Friday
In the Early Part of Autumn
Fall
Lindy came to with a start, staring around the room with a wild kind of hope that died almost immediately. He was still gone, and she was still alone. For the past three weeks she’d pushed the knowledge to the corners of her mind, trying to convince herself that he would come back. He’d come to his senses and come back to her.
A song filtered through from the clock radio, the Fogelberg tune about Linda and her lost lover. Tears threatened and Lindy twisted the knob, hard. Thanks a lot, Dan, came the grim thought. I bought all your albums and this is how you repay me.
She went through the motions of breakfast; coffee, toast, eggs. The coffee brought a grimace to Lindy’s face. He had always been the one to make the coffee; her attempts wrought a bitter brew. When he gets back, maybe. She pushed the thought aside. He wasn’t coming back, and he wasn’t going to teach her anything about making coffee. The realization hit her like a series of slaps.
He. Isn’t. Coming. Back.
The tears that had threatened all morning made good on their promise. Dishes skittered across the tabletop as Lindy dropped her head on her folded arms and gave vent to the grief that had been her constant companion for three weeks. It was several minutes before she sat up, drained and red-eyed.

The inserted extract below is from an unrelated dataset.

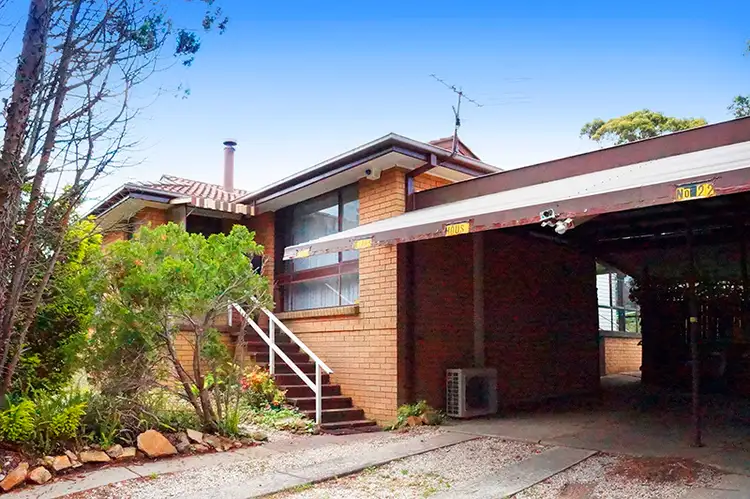 22 Ligar Street, Hill Top NSW 2575
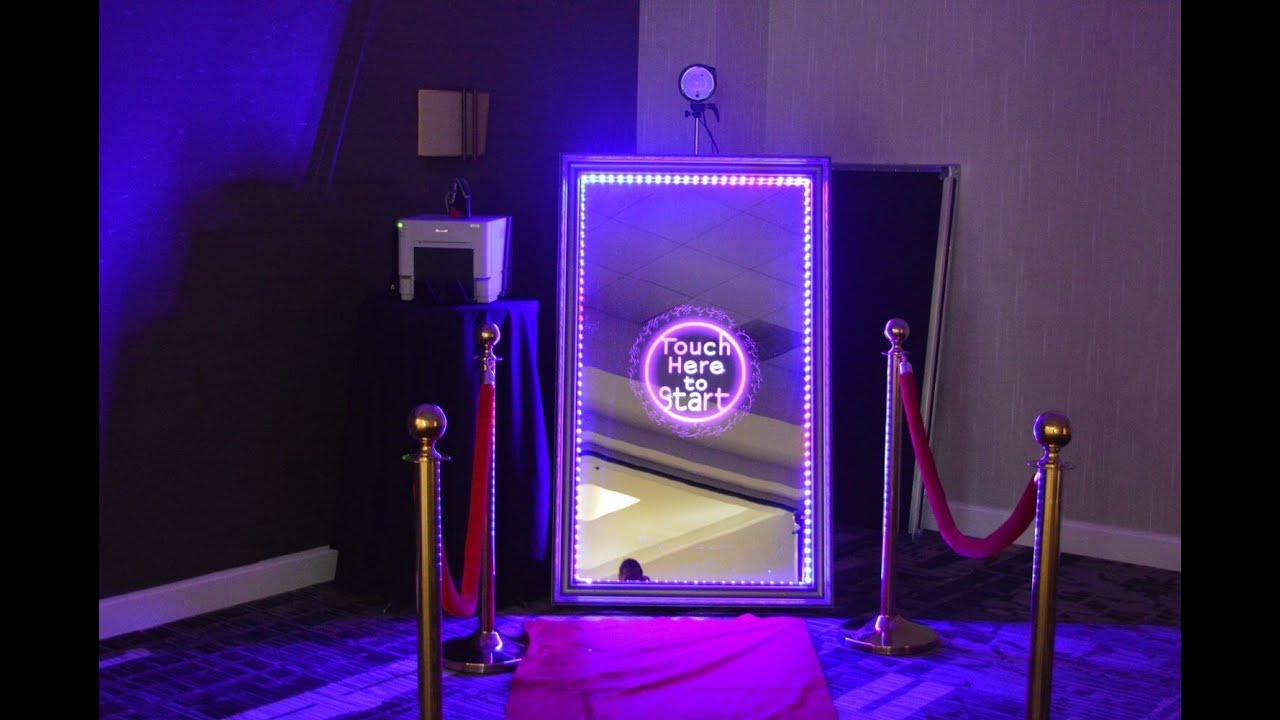 Mirror Booth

A voice sounded in her head, calm and cold, yet oddly reasonable. Do you really want him back?
“Nooo…” A quavering, wistful sound. “No.” Firmer this time. “No, I don’t want him back. He can have his space, and his time to think, and his little Miss Blondie to help him find himself.” She took a savage bite of toast and washed it down with a gulp of the awful coffee.
Winter
Lindy sat in her favorite fireside chair, squinting alternately at the knitting in her hands and the pattern on the coffee table. Satisfied that nothing was out of place, she let her thoughts stray while her fingers did their work. No more wool socks for him, I’ll bet. Little Miss Blondie doesn’t know disco from Crisco; she couldn’t knit if her life depended on it. Lindy laughed ruefully, still aware of the hurt and somehow minding it less. At least her coffee-making skills were improving.
Spring
The wind carried the scent of green, and Lindy carried a mop and bucket from room to room. Spring cleaning. Sitting back on her heels, Lindy wiped a pine-smelling hand across her forehead. After this floor, she’d tackle the closets.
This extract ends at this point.